→ Exercise prompt: Please copy the data exactly as it stands, minus the images.

[Supplied material]

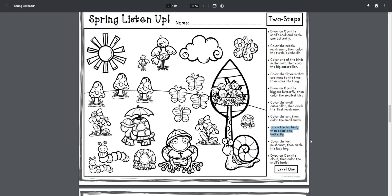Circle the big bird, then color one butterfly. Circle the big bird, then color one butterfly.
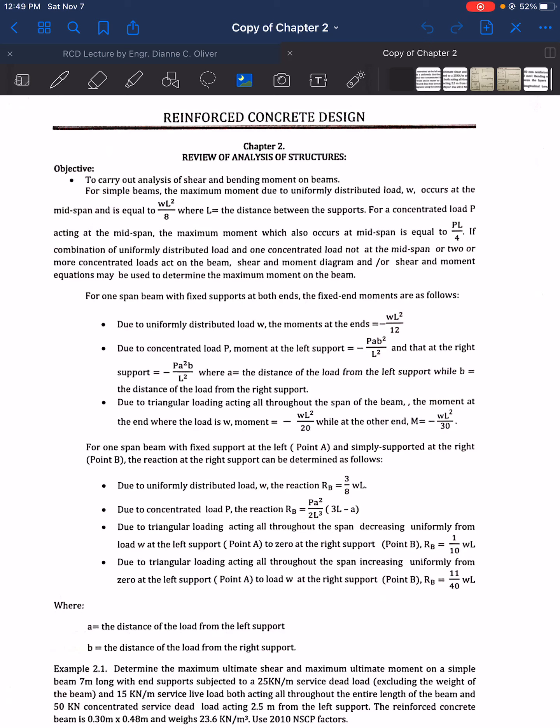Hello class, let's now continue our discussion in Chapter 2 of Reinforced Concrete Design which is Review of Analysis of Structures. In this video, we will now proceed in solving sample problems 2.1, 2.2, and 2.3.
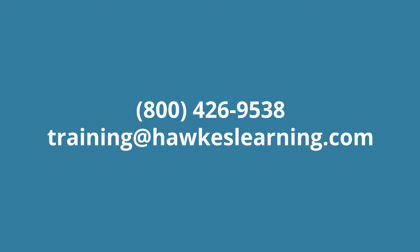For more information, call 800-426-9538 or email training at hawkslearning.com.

[/Supplied material]

→ Written reply:
Circle the big bird, then color one butterfly. Circle the big bird, then color one butterfly.
Hello class, let's now continue our discussion in Chapter 2 of Reinforced Concrete Design which is Review of Analysis of Structures. In this video, we will now proceed in solving sample problems 2.1, 2.2, and 2.3.
For more information, call 800-426-9538 or email training at hawkslearning.com.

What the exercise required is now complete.